The Supreme Court has already said the 21st Amendment is not a free pass for alcohol-related protectionism. In Bacchus v. Dias (1984), the Court rejected an excise tax exemption designed to favor local distillers in Hawaii over out-of-state competitors, and in Granholm v. Heald (2005) it said Michigan and New York could not constitutionally prohibit out-of-state wineries from shipping their products directly to consumers while allowing in-state wineries to do so. The TWRSA wants the justices to read those precedents as applying only to discrimination against manufacturers.
"I know you want to limit it to producers," Justice Sonia Sotomayor said to Dvoretzky, "but that's not the way that Granholm talked about…this issue." She also noted that if the Commerce Clause has no relevance in cases involving state alcohol regulation, as Dvoretzky maintained, Bacchus and Granholm must have been wrongly decided.
Justice Samuel Alito asked Dvoretzky to imagine "a grandfathers clause" that says "you can't get a liquor license in Tennessee unless your grandparents were Tennessee residents." Dvoretzky said that would also be constitutional, because alcohol regulations are not subject to Commerce Clause scrutiny, a position that is inconsistent with what the Court held in Bacchus and Granholm.
Phillips, the lawyer representing the respondents, urged the justices to follow through on the logic of those precedents. "There is no rational basis for the two-year ban that they've put in place here," he said. "The Tennessee attorney general himself has twice looked at this ban and said it doesn't remotely serve any purpose that's designed under the 21st Amendment when we're dealing with alcohol or public safety or public health or anything else. It's only designed to exclude us."
That argument seemed to resonate with several justices, but there was also concern that overturning Tennessee's rule would invite challenges to other longstanding aspects of state alcohol regulation, including the "three-tier system" of segregated producers, wholesalers, and retailers. The Court has repeatedly said that system is within the authority granted by the 21st Amendment, even though it discriminates against out-of-state businesses in some ways.

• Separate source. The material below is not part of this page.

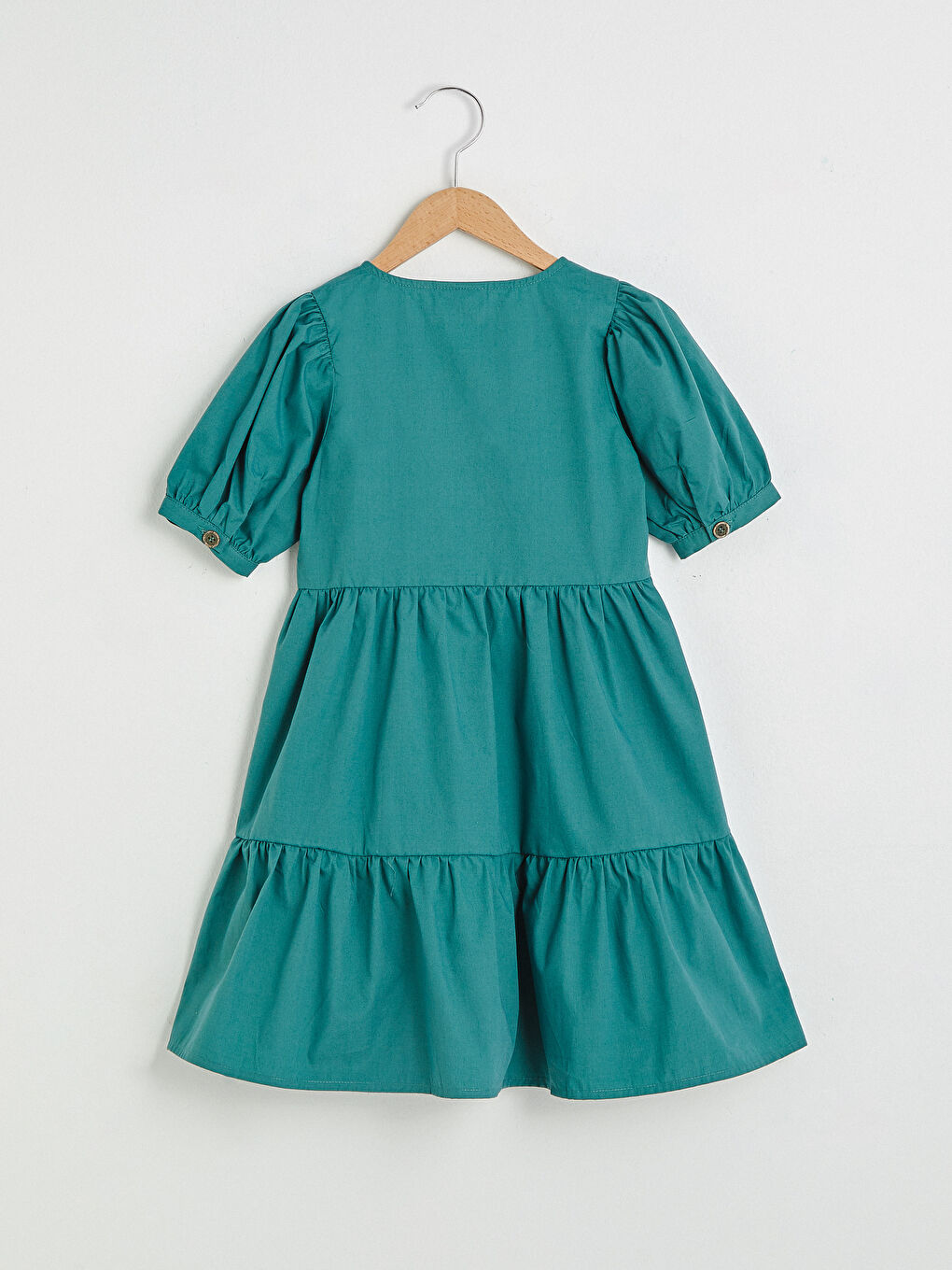 Robe Basique à Col Rond Manches Courtes en Popeline-1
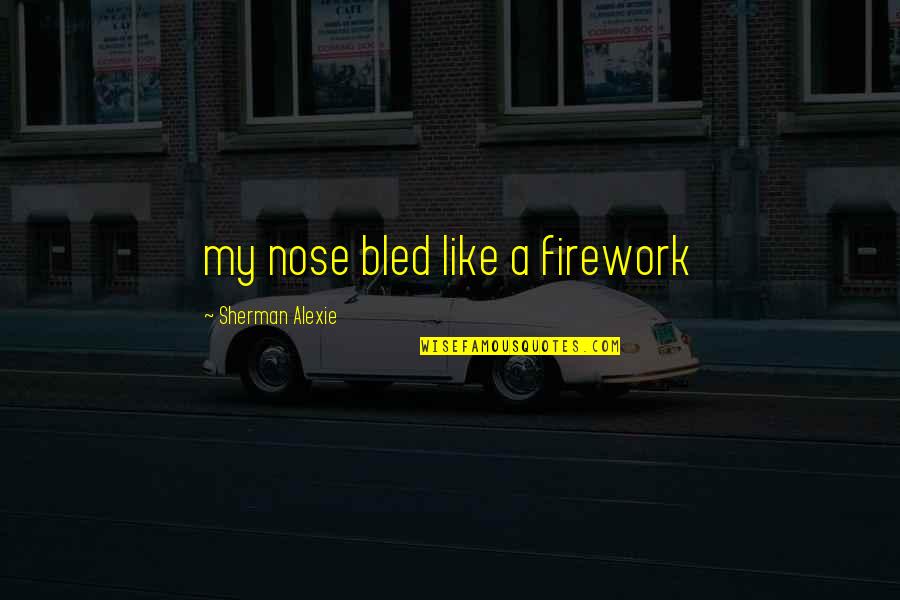 Life Behind The Camera Quotes By Sherman Alexie: my nose bled like a firework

Justice Neil Gorsuch suggested that an "Amazon of alcohol" could argue that states violate the Commerce Clause when they stop online retailers from selling beer, wine, and liquor directly to consumers. Phillips said his clients have no interest in challenging the three-tier system, but that did not really answer the question of whether the principle on which they are relying implies that courts should overturn other stupid, anti-competitive restrictions on the distribution of alcoholic beverages. Would that be such a bad thing?